Further, Mikoyan, like Khrushchev, made speeches about the fight against supposed “enemies.” Mikoyan represented the Politburo at the 20th anniversary ceremonies of the NKVD. In his speech, he condemned “enemies of the people” and praised NKVD chief Nikolai Yezhov for his “Stalin way of work” and for creating a “wonderful backbone of Chekists” that were “trained in true Bolshevik manner in the spirit of Dzerzhinsky.” In reality, Mikoyan had a less-than-positive attitude of Yezhov.
It was also Mikoyan who, along with others in the Politburo, signed Stalin’s orders on arrests, executions, and deportations. These included lists composed by Yezhov of supposed “enemies” to be shot. They also included the order to execute the Polish officers at Katyń and on the wholesale deportation orders of various nationalities such as Chechens, Crimean Tatars, Germans, and others. However, according to an Ossetian émigré cited by Medvedev, Mikoyan was the only one of Stalin’s ministers who expressed misgivings about at least the Chechen and Ingush deportations. In general, while Mikoyan may not have agreed with such orders, he really had no choice. The act of vocally opposing such policies would have had serious consequences in Stalin’s Soviet Union, not just for him, but for his entire family and all of his relatives too. Indeed, the threat was real. During the war, in addition to the death of his son Vladimir, Mikoyan experienced another brief tragedy in his family when two of his sons, Sergo and Vano, were arrested on the orders of Stalin for playing a children’s game of “government.” They were exiled and not returned to the Mikoyan family until after the war.

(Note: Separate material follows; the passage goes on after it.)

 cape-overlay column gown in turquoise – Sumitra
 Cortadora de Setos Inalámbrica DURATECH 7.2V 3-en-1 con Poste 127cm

Mikoyan was also dispatched to his native Armenia with Malenkov in September 1937 to oversee the Purges there. The Soviet Armenian republic’s newspaper Kommunist wrote at the end of 1937 that, “Comrade Mikoyan rendered a great service to the Bolsheviks of Armenia” on the orders of “Great Stalin” by “unmasking and rooting out the enemies of the Armenian people,” a “cabal” of “Trotskyist-Bukharinist, Dashnak-Nationalist spies.” It should be noted though that the Purges in Armenia were already well underway by the time of Mikoyan’s arrival. In the words of the noted scholar on Soviet Armenia, Mary K. Matossian, in her book The Impact of Soviet Policies in Armenia:
From the foregoing it would appear that Mikoyan was a mere agent of Stalin and Beria in the Great Purge, although he appears as a leading protagonist in the culminating events of September, 1937. But it may also be observed that Mikoyan is not directly implicated in the death of [Aghasi] Khanchian or of [Sahak] Ter-Gabrielian. On the contrary, he appears in the role of the purger of Amatouni, who had denounced Khanchian, and of Moughdousi, who is said to have killed Ter-Gabrielian. Further, if Mikoyan had a personal following, there is no evidence that any members of such a following became heirs to power in Armenia. It may be concluded that Mikoyan cannot be disassociated from the guilt of the Great Purge, but that his role in it was relatively minor.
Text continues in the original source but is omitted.